_What the task asks_
From the line that contains "9/11: Inside The" through the closing line of the entries, write out each line exactly; pictures stay out.

(Crawled caption data)
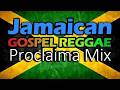 Jamaican Gospel Reggae 2025 Mix DJ Proclaima Gospel Reggae Selector Jamaican Gospel Reggae 2025 Mix DJ Proclaima Gospel Reggae Selector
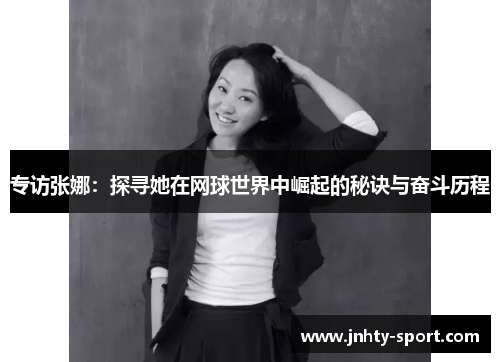 专访张娜：探寻她在网球世界中崛起的秘诀与奋斗历程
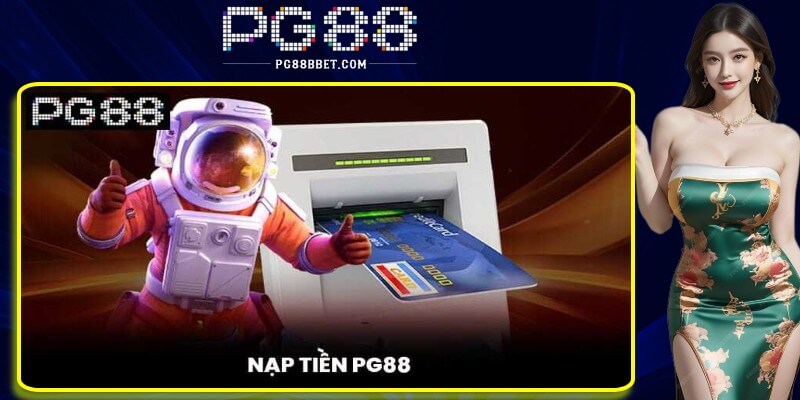 Quy trình nạp rút tiền PG88 Quy trình nạp rút tiền PG88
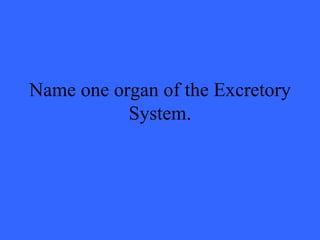 Name one organ of the Excretory
           System.
 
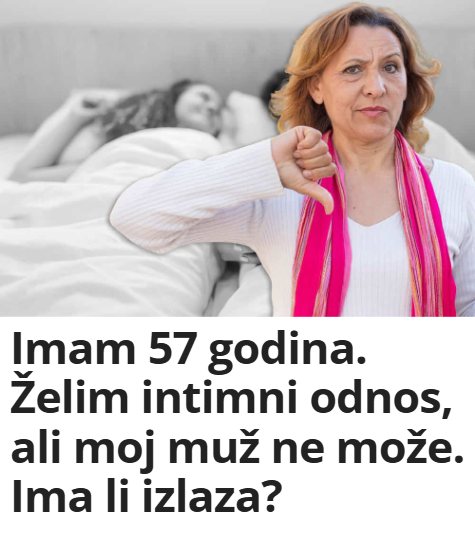 Imam 57 godina. Želim intimni odnos, ali moj muž ne može. Ima li izlaza?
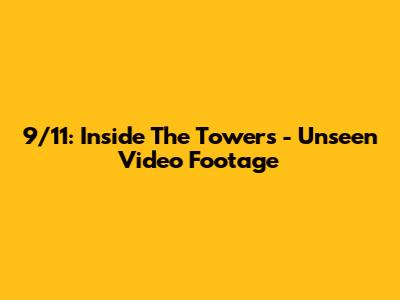 9/11: Inside The Towers - Unseen Video Footage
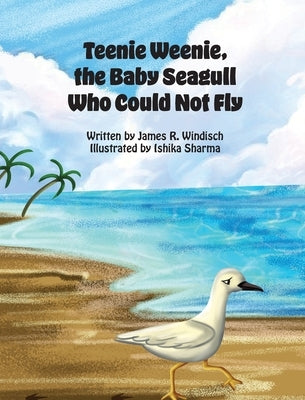 Teenie Weenie, the Baby Seagull Who Could Not Fly by Windisch, James R.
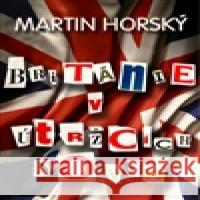 Británie v útržcích novin Martin HorskÃ½ 9788087264423 En Face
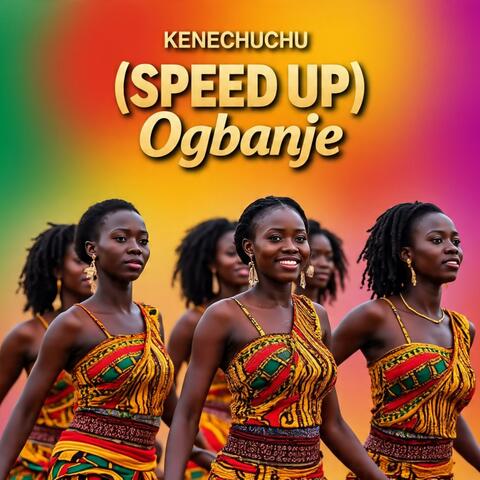 KENECHUKWU ( SPEED UP )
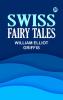 Swiss Fairy Tales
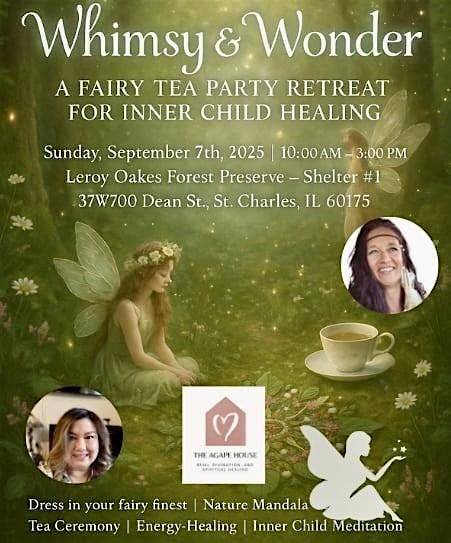 \u2728 Whimsy & Wonder: A Fairy Tea Party Retreat for Inner Child Healing \u2728
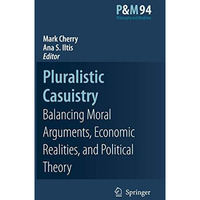 Pluralistic Casuistry: Moral Arguments, Economic Realities, and Political Theory [Hardcover]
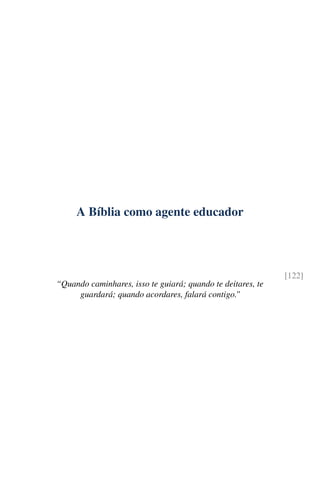 A Bíblia como agente educador



                                                             [122]
“Quando caminhares, isso te guiará; quando te deitares, te
     guardará; quando acordares, falará contigo.”
 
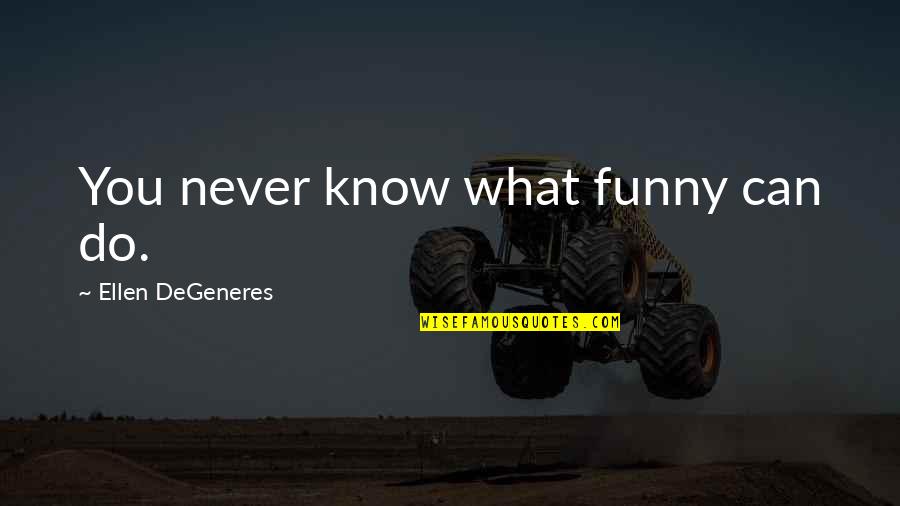 Funny Never Do Quotes By Ellen DeGeneres: You never know what funny can do.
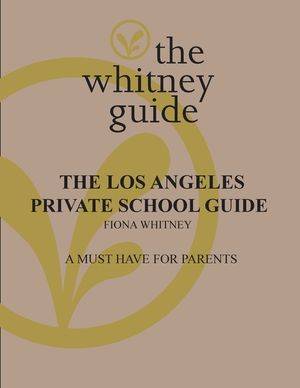 The Whitney Guide: the Los Angeles Private School Guide: the Los Angeles image number 0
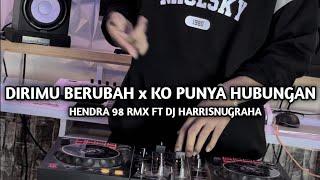 DJ SAD! DIRIMU BERUBAH x KO PUNYA HUBUNGAN - ( HENDRA 98RMX FT DJ HARRISNUGRAHA ) New Remix 2023!!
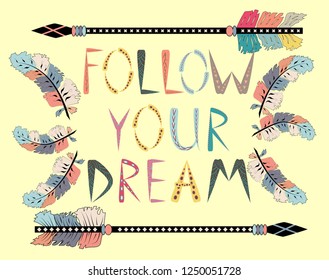 Follow your dreams. Motivational card with tribal ethnic arrow. American indian motifs.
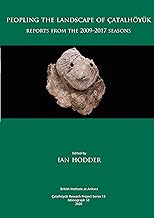 Peopling the Landscape of Çatalhöyük: Reports from the 2009-2017 Seasons (British Institute at Ankara Monograph): 53
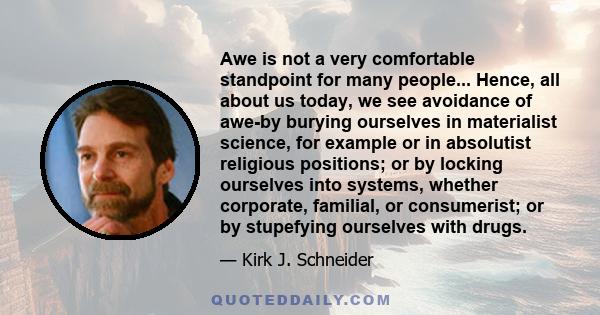 Awe is not a very comfortable standpoint for many people... Hence, all about us today, we see avoidance of awe-by burying ourselves in materialist science, for example or in absolutist religious positions; or by locking 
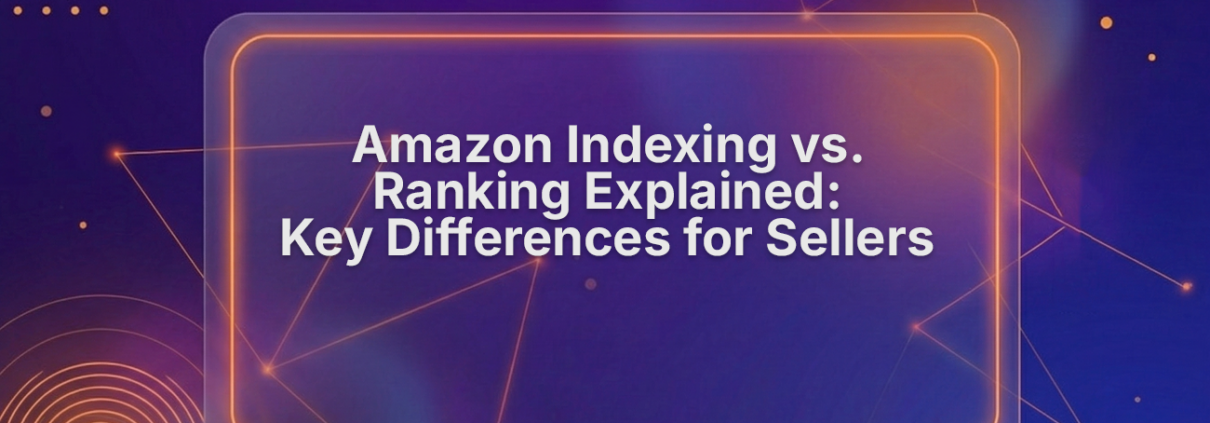 Amazon Indexing vs Ranking: What Sellers Need to Know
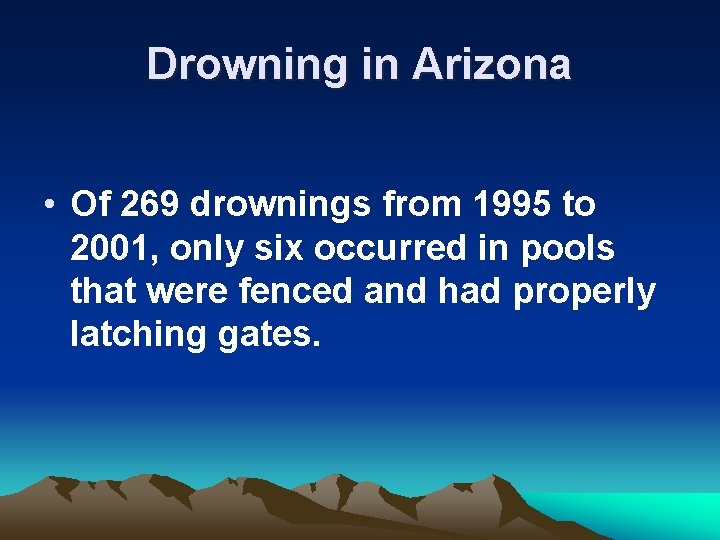 Drowning in Arizona • Of 269 drownings from 1995 to 2001, only six occurred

_Solution to this task_
 9/11: Inside The Towers - Unseen Video Footage
 Teenie Weenie, the Baby Seagull Who Could Not Fly by Windisch, James R.
 Británie v útržcích novin Martin HorskÃ½ 9788087264423 En Face
 KENECHUKWU ( SPEED UP )
 Swiss Fairy Tales
 \u2728 Whimsy & Wonder: A Fairy Tea Party Retreat for Inner Child Healing \u2728
 Pluralistic Casuistry: Moral Arguments, Economic Realities, and Political Theory [Hardcover]
 A Bíblia como agente educador



                                                             [122]
“Quando caminhares, isso te guiará; quando te deitares, te
     guardará; quando acordares, falará contigo.”
 
 Funny Never Do Quotes By Ellen DeGeneres: You never know what funny can do.
 The Whitney Guide: the Los Angeles Private School Guide: the Los Angeles image number 0
 DJ SAD! DIRIMU BERUBAH x KO PUNYA HUBUNGAN - ( HENDRA 98RMX FT DJ HARRISNUGRAHA ) New Remix 2023!!
 Follow your dreams. Motivational card with tribal ethnic arrow. American indian motifs.
 Peopling the Landscape of Çatalhöyük: Reports from the 2009-2017 Seasons (British Institute at Ankara Monograph): 53
 Awe is not a very comfortable standpoint for many people... Hence, all about us today, we see avoidance of awe-by burying ourselves in materialist science, for example or in absolutist religious positions; or by locking 
 Amazon Indexing vs Ranking: What Sellers Need to Know
 Drowning in Arizona • Of 269 drownings from 1995 to 2001, only six occurred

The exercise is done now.